START Material provided

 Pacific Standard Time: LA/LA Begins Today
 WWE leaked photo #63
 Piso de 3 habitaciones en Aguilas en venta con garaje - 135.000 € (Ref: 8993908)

END Material provided
START Material provided

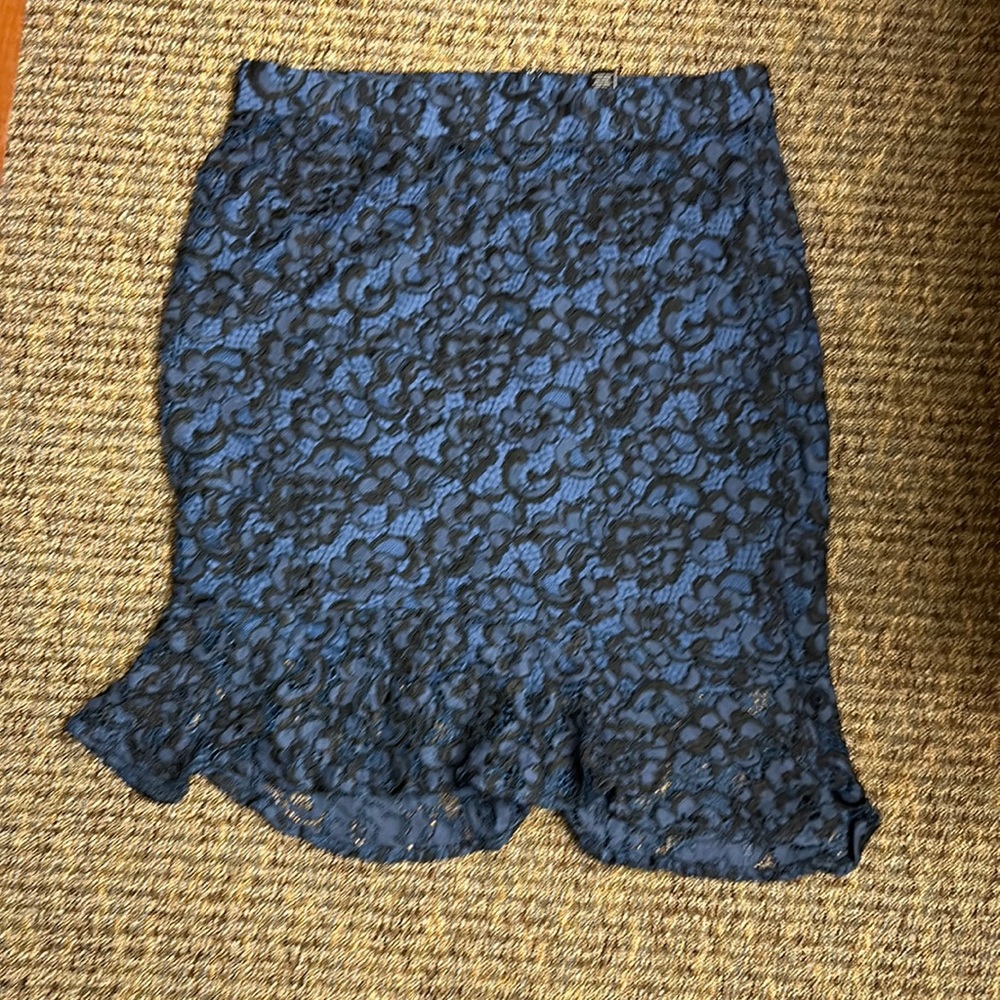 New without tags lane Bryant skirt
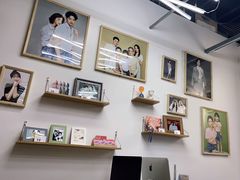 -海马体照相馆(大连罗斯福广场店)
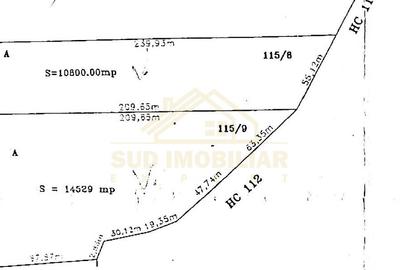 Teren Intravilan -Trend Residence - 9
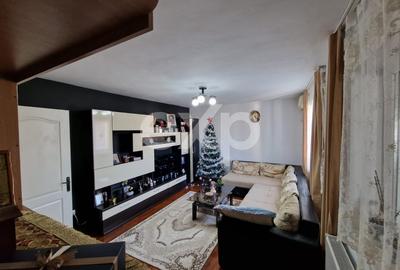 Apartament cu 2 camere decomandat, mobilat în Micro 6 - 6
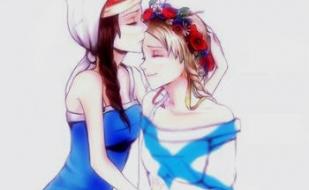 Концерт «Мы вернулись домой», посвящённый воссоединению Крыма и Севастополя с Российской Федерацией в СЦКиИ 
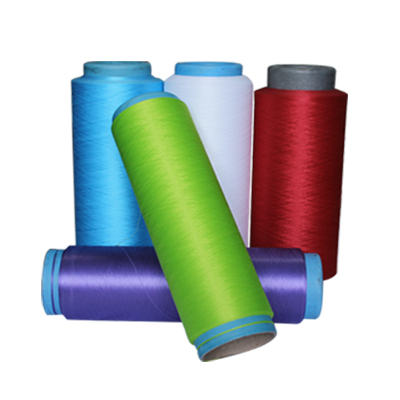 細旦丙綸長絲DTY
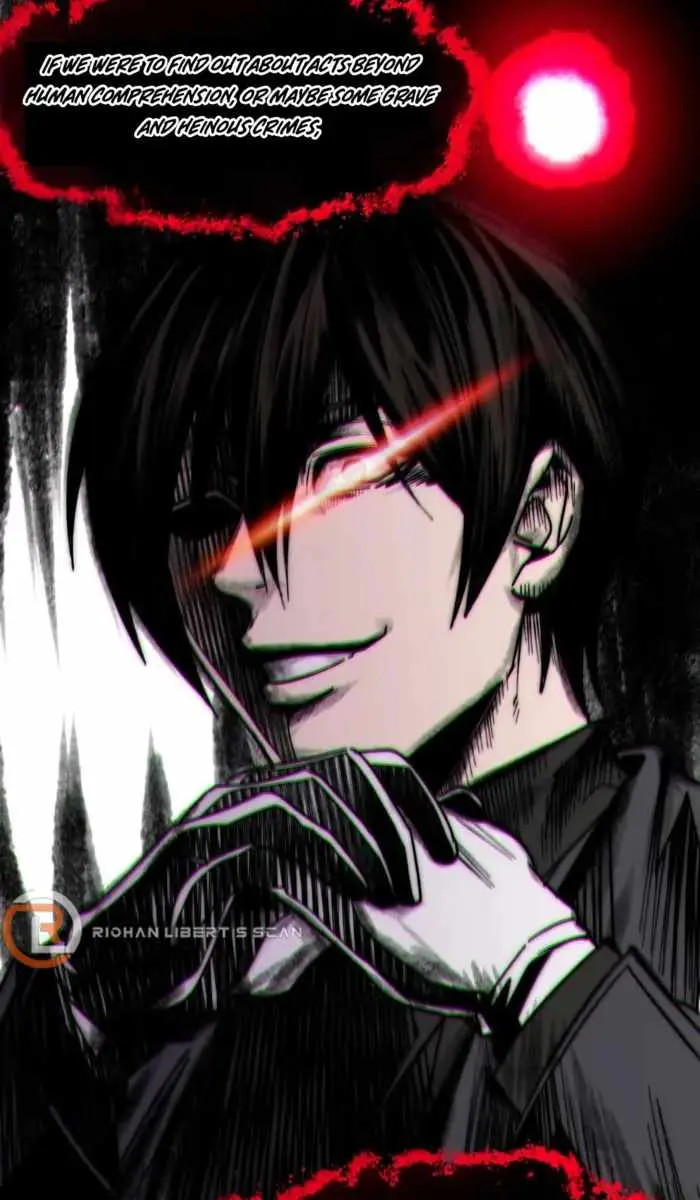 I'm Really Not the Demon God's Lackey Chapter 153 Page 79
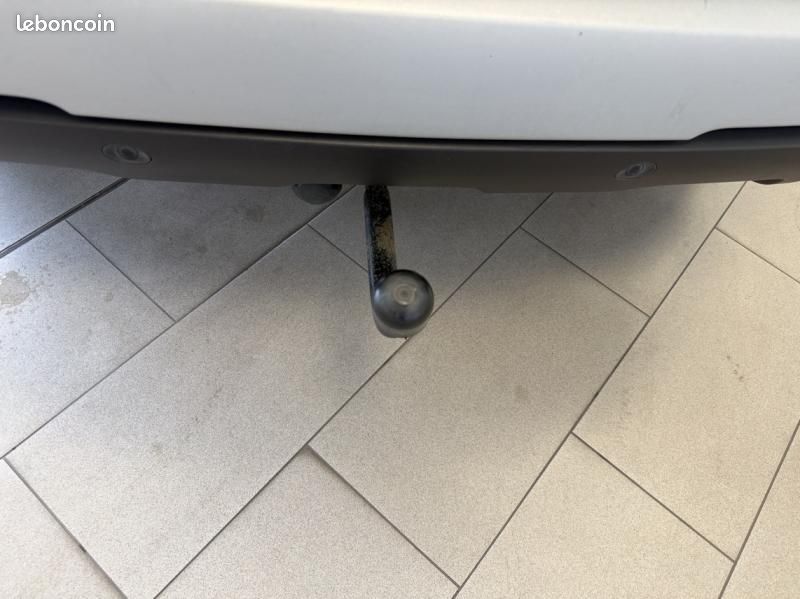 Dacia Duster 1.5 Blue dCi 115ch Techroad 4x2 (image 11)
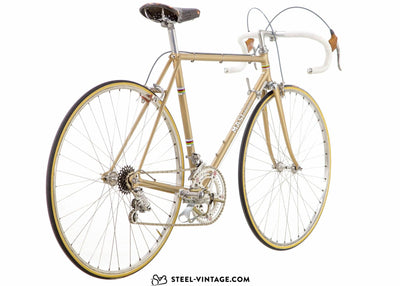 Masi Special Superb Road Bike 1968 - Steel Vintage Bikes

END Material provided

Give again, exactly as written above, every line from the one holding "Teren Intravilan -Trend Residence - 9" to the one holding "Masi Special Superb", with both ends kept and the pictures left out.

*Written solution*.
 Teren Intravilan -Trend Residence - 9
 Apartament cu 2 camere decomandat, mobilat în Micro 6 - 6
 Концерт «Мы вернулись домой», посвящённый воссоединению Крыма и Севастополя с Российской Федерацией в СЦКиИ 
 細旦丙綸長絲DTY
 I'm Really Not the Demon God's Lackey Chapter 153 Page 79
 Dacia Duster 1.5 Blue dCi 115ch Techroad 4x2 (image 11)
 Masi Special Superb Road Bike 1968 - Steel Vintage Bikes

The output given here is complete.